▶ [Your instructions] The needed output is the run of lines below from the one containing "Steelray Project Analyzer" through the one containing "Dommy Mommy Dragon", copied exactly and free of pictures.

▶ [The data]
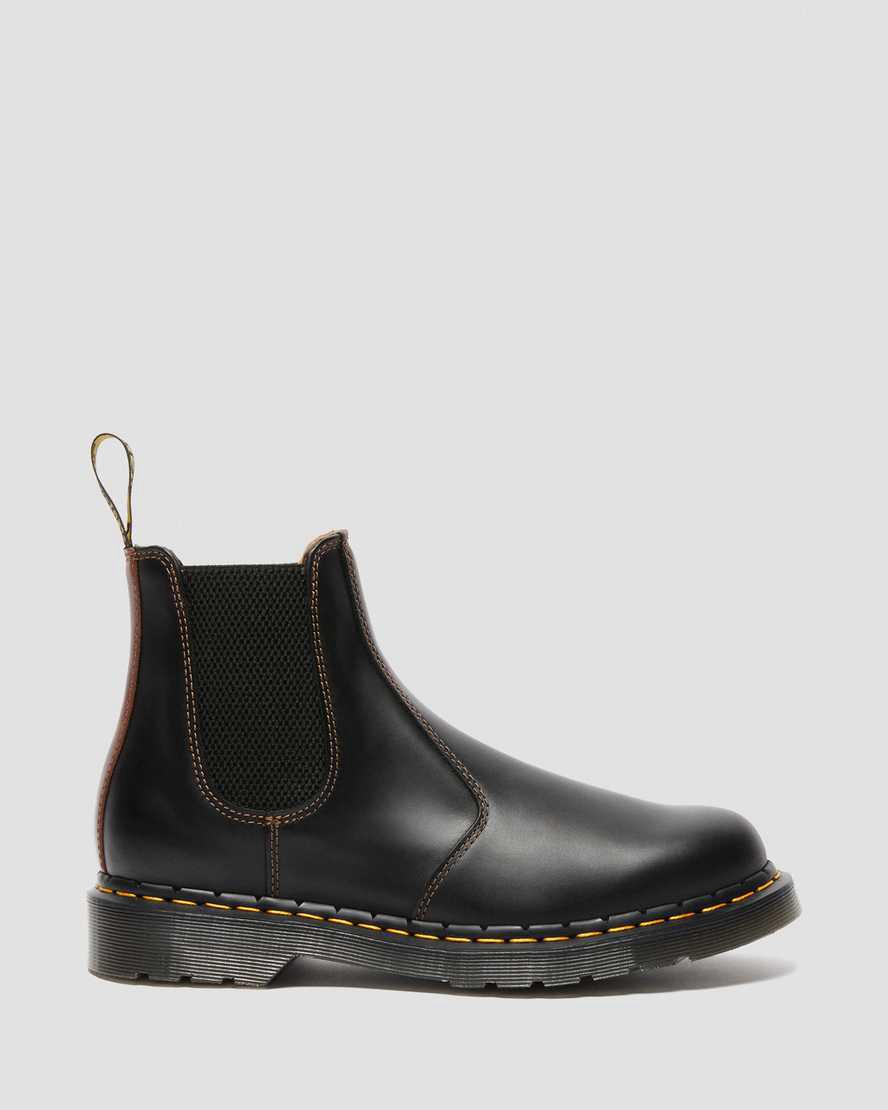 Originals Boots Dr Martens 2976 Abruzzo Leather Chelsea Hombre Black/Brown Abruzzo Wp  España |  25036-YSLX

--

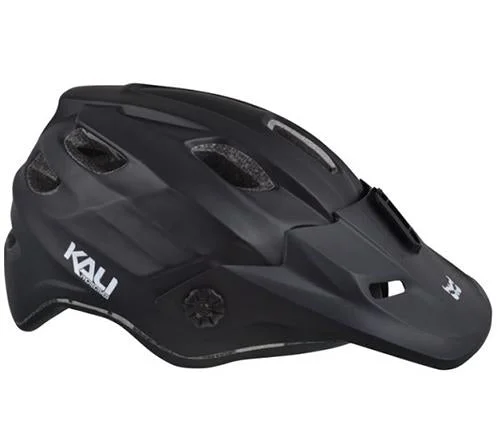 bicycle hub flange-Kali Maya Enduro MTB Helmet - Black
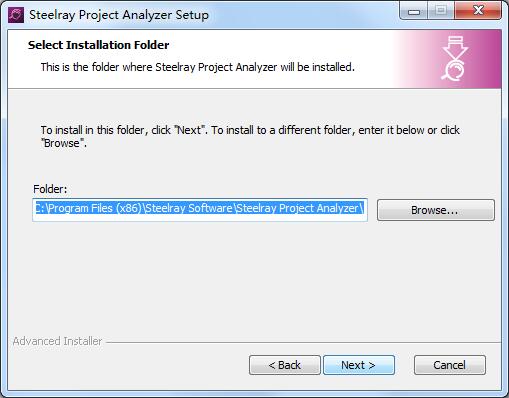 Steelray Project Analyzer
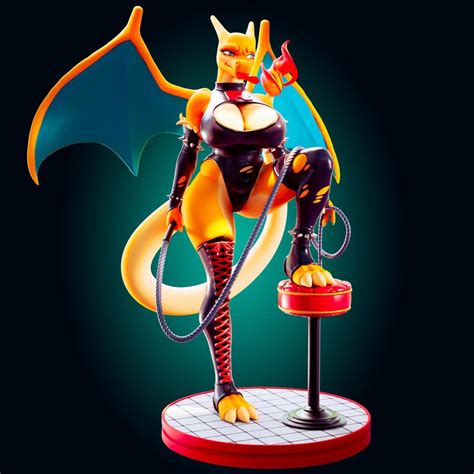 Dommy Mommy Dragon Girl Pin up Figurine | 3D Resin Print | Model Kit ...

---

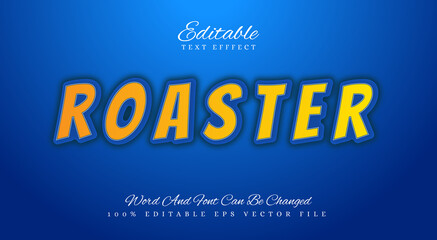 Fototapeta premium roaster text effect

▶ [Exercise result]
 Steelray Project Analyzer
 Dommy Mommy Dragon Girl Pin up Figurine | 3D Resin Print | Model Kit ...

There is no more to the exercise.